One Million Children Will Lose Out On Free School Meals Under Universal Credit; Children’s Society Warns
According to a charity, as many as one million children living in poverty in England are set to lose out on free school meals under universal credit proposals.

The Church of England Children’s Society says under government plans to introduce means testing for free school meals, “a cliff edge” will be created where many families would be better off taking a pay cut.

The charity accused Government of missing a “golden opportunity” to ensure no child in poverty goes hungry in school after it emerged only 700,000 of the 1.7 million school children in poverty would receive free school meals under plans to introduce means testing to the system.

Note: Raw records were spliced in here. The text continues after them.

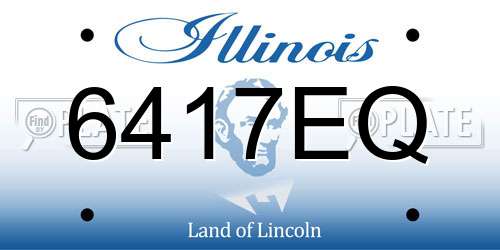 6417EQ Illinois License Plate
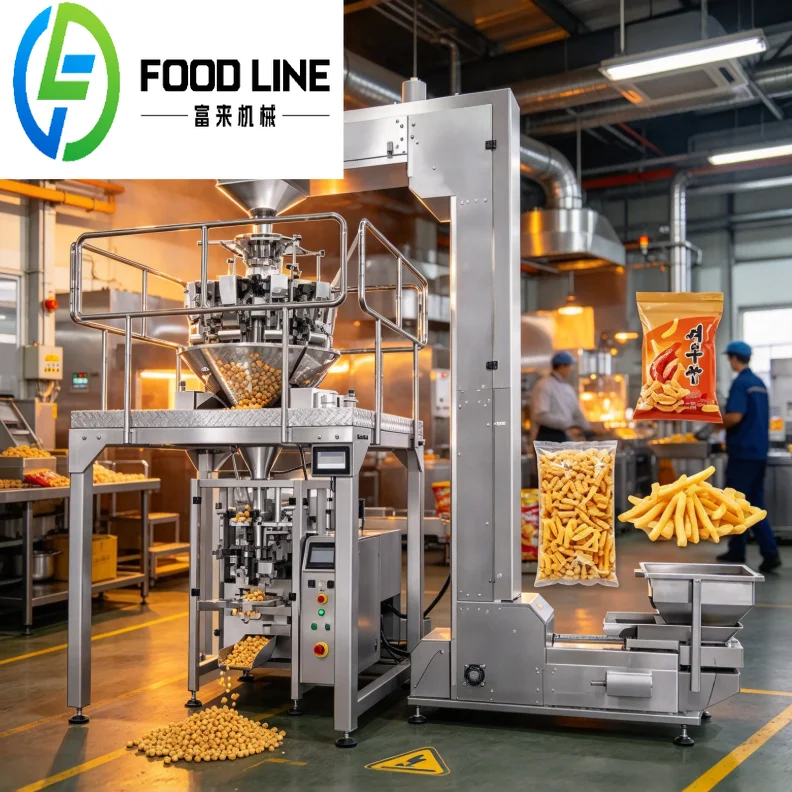 Automatic Bean Packing Machine Vertical Multihead Weighing Plastic Bag Packaging Equipment 500g 1kg 2kg Granule Food Application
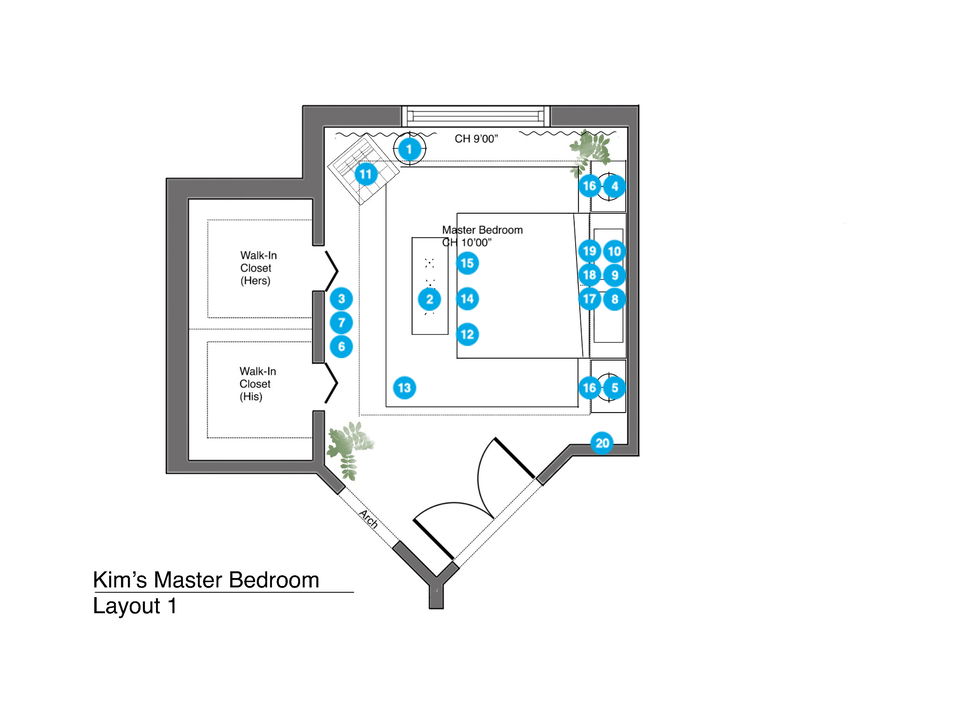 Online Designer Bedroom Floorplan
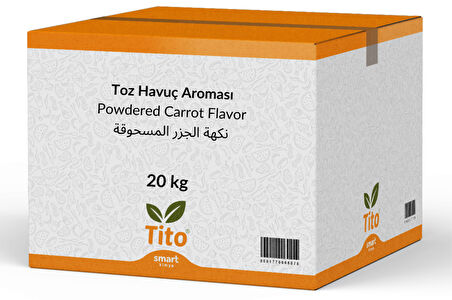 Toz Havuç Aroması 20 kg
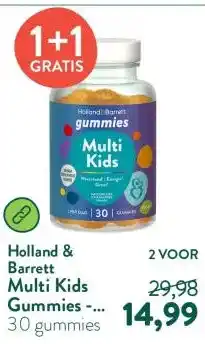 Holland & Barrett Multi Kids Gummies - 30 gummies aanbieding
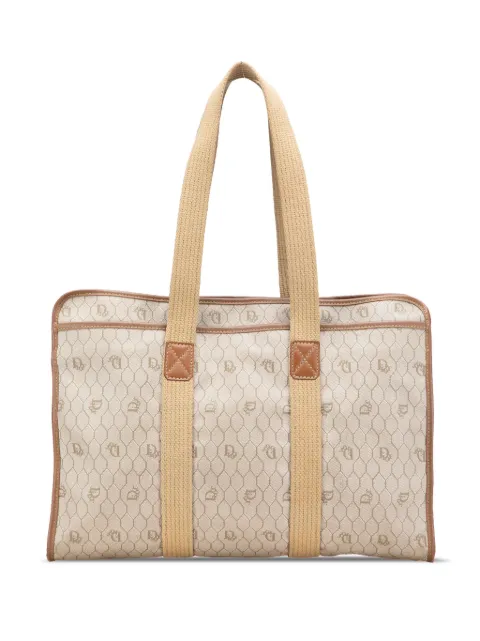 Christian Dior Pre-Owned 20th Century Honeycomb Coated Canvas business bag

The analysis of figures by the charity revealed that roughly 20,300 school children in Norfolk and 18,400 in Suffolk are in poverty. They also said 11,600 in Suffolk would miss out on free school meals.

Read More: Poverty Hits 400,000 More Children And 300,000 More Pensioners; New Report Says

The chief executive of The Children’s Society, Matthew Reed said there are significant, proven benefits for children’s health, education and their futures in making sure they have a healthy lunch every day, but at least one million children will miss out if this change is introduced.

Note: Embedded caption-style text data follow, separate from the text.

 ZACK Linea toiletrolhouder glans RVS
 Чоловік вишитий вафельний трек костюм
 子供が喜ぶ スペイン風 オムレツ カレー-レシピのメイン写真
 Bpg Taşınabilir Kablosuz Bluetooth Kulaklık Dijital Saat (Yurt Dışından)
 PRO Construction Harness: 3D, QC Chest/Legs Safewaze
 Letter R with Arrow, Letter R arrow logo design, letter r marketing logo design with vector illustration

Mr Reed also said continuing to provide free school meals for children in families on universal credit would not only help vulnerable children but would prevent low-income parents being left worse off if they take on more hours or get a pay rise. He added:

“If the government wants to show it is truly committed to tackling the growing crises of inequality and child poverty, delivering free school meals for children in low-income working families is a crucial step.”

The charity’s figures show once a family with one child passes the £7,400 cut-off, they would need to earn £1,124 a year more – the equivalent of working 2.4 hours extra every week – to make up for the loss in free school meals.